The Australian Taxation Office (ATO) has announced it is collecting, “bulk records from Australian cryptocurrency designated service providers (DSPs) as part of a data matching program to ensure people trading in cryptocurrency are paying the right amount of tax.”
Data pertaining to the sale and purchase of cryptocurrency, “will be collected under notice from the DSPs on an ongoing basis,” said Deputy Commissioner, Will Day.
An estimated 500,000 to one million Australians believed to be trading cryptocurrencies may be affected.
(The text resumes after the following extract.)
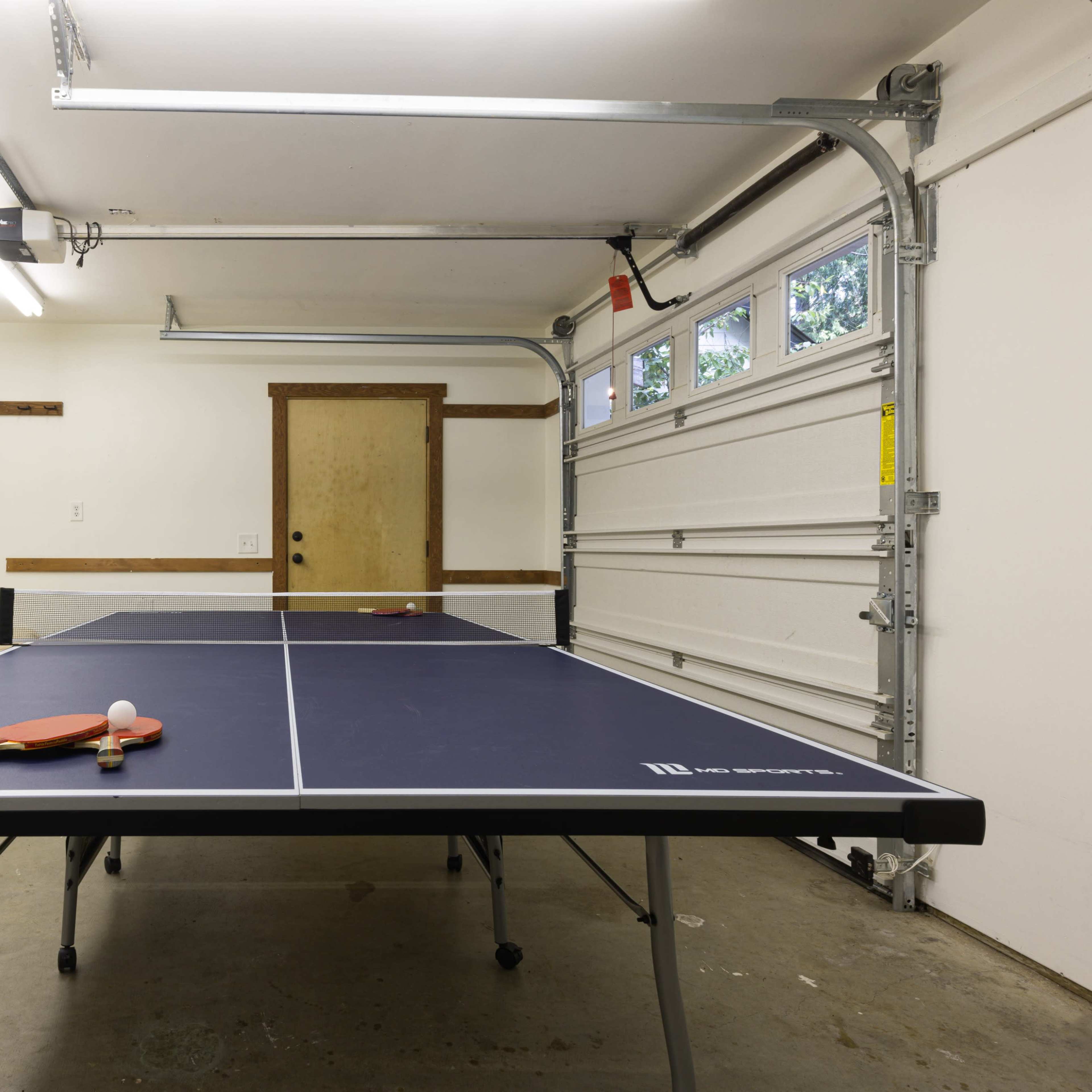 A ping pong table is set up in a garage next to a couch and a closed door.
ATO is also concerned about other malfeasance :
“Cryptocurrency and blockchain technology is seen as an enabler of existing risks for the ATO. Cryptocurrency has been used to move funds within the black economy, hide money offshore, and is sometimes linked to risks with unexplained wealth and undeclared taxable capital gains.”
People responsible for them have a number of ways to rectify reporting discrepancies:
“Following the data matching exercise people may be contacted by the ATO and given the opportunity to verify the information collected, before any compliance action is undertaken. People will be given at least 28 days to clarify any information that has been obtained from the data provider.”
“Where people find that they have made an error or omission in their tax return they should contact the ATO as soon as possible. Penalties may be significantly reduced in circumstances where we are contacted prior to an audit.”